#### [TASK DIRECTIONS]
Within the lines below, the span from the line with "Erase the Past: Effective" to the line with "Mouse, Polyclonal, Proteintech:Antibodies:Primary", both ends included, is to be reproduced exactly, with pictures omitted.

MATERIAL PROVIDED Block Start

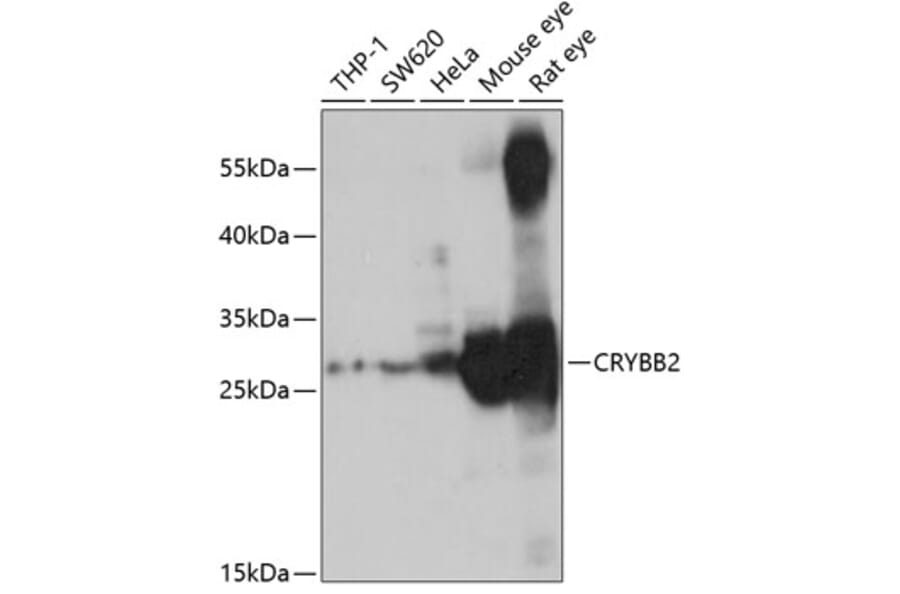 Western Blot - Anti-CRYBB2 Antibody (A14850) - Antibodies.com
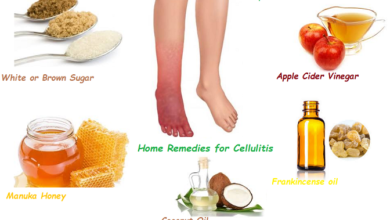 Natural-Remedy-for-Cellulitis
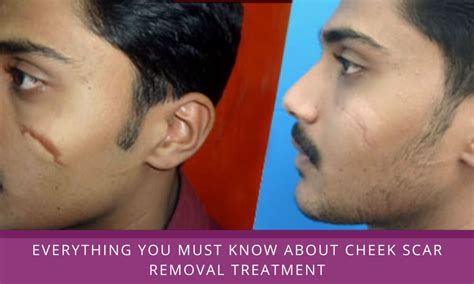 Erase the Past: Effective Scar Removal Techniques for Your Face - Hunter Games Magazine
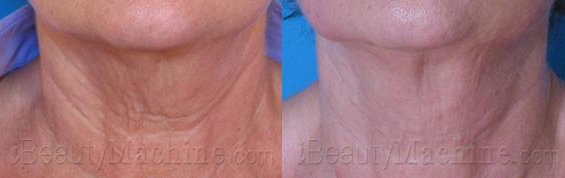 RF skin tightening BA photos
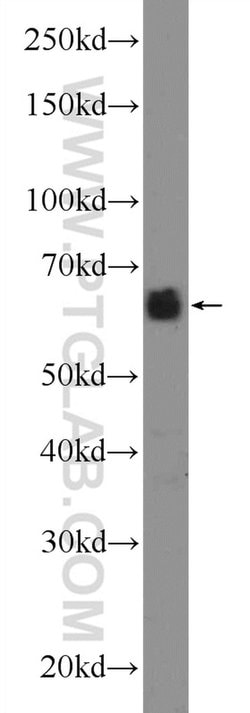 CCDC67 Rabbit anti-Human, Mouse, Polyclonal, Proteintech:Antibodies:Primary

MATERIAL PROVIDED Block End
MATERIAL PROVIDED Block Start

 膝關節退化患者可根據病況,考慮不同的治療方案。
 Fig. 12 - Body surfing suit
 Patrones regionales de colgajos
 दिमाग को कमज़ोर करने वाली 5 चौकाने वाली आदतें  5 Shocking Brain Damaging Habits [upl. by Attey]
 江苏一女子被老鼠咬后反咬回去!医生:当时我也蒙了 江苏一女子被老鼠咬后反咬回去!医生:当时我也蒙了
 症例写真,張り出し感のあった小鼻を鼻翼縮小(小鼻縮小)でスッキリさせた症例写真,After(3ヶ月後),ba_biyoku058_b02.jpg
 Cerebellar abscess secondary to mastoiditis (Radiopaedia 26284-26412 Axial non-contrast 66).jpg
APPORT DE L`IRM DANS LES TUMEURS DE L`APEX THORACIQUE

MATERIAL PROVIDED Block End
MATERIAL PROVIDED Block Start

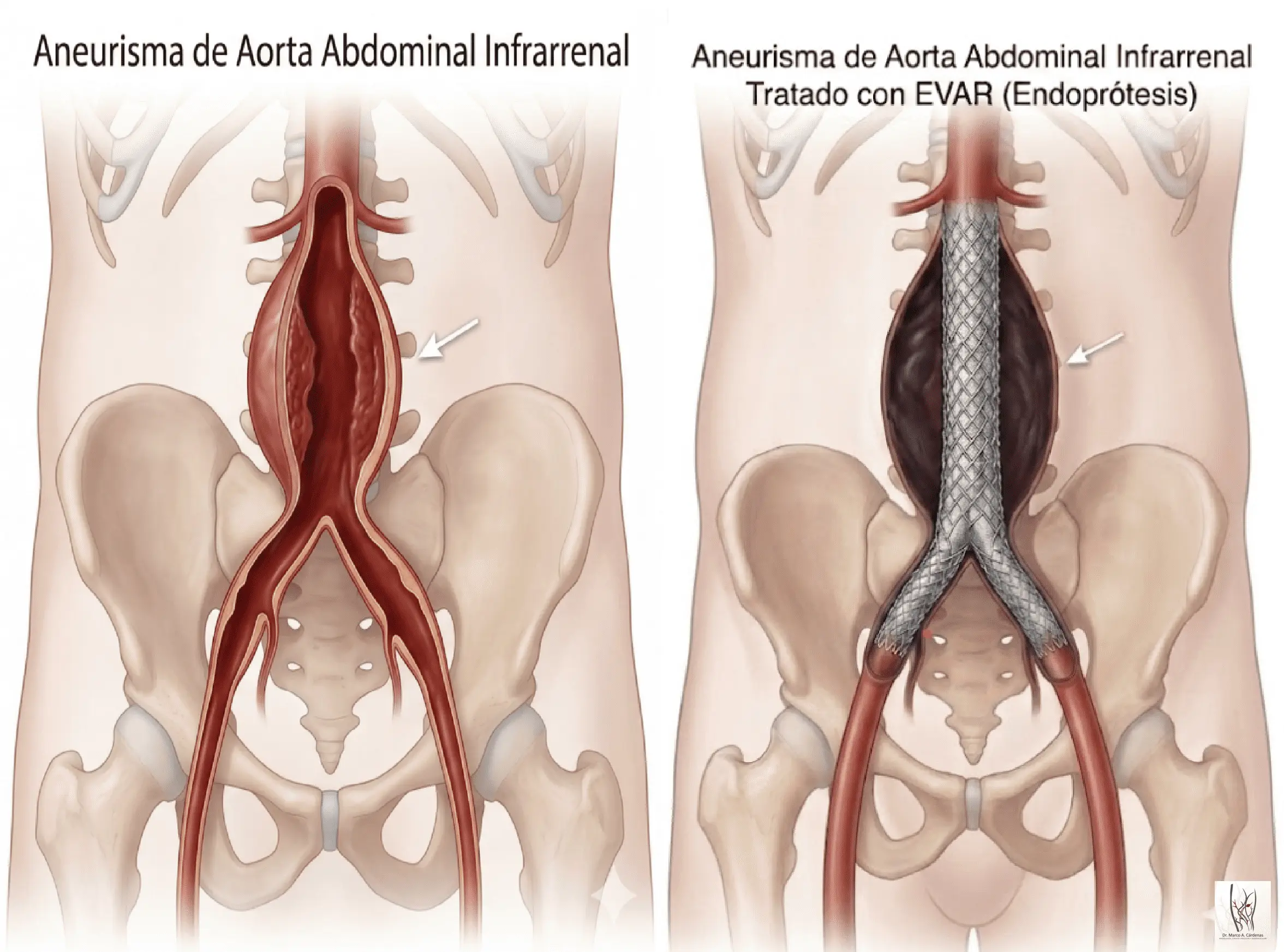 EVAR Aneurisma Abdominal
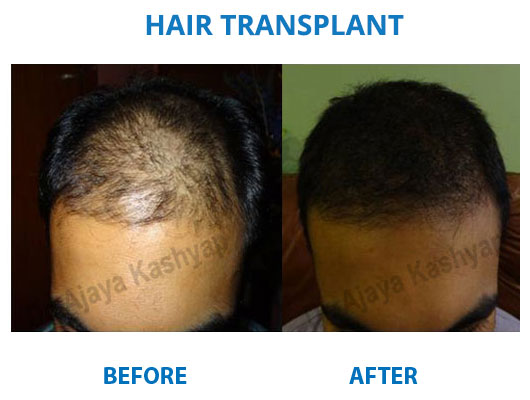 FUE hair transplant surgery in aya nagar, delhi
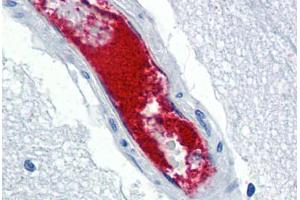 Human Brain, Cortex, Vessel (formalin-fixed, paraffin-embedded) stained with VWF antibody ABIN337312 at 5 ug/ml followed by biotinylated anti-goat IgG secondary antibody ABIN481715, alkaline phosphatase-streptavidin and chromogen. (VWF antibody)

MATERIAL PROVIDED Block End

#### [EXERCISE OUTPUT]
 Erase the Past: Effective Scar Removal Techniques for Your Face - Hunter Games Magazine
 RF skin tightening BA photos
 CCDC67 Rabbit anti-Human, Mouse, Polyclonal, Proteintech:Antibodies:Primary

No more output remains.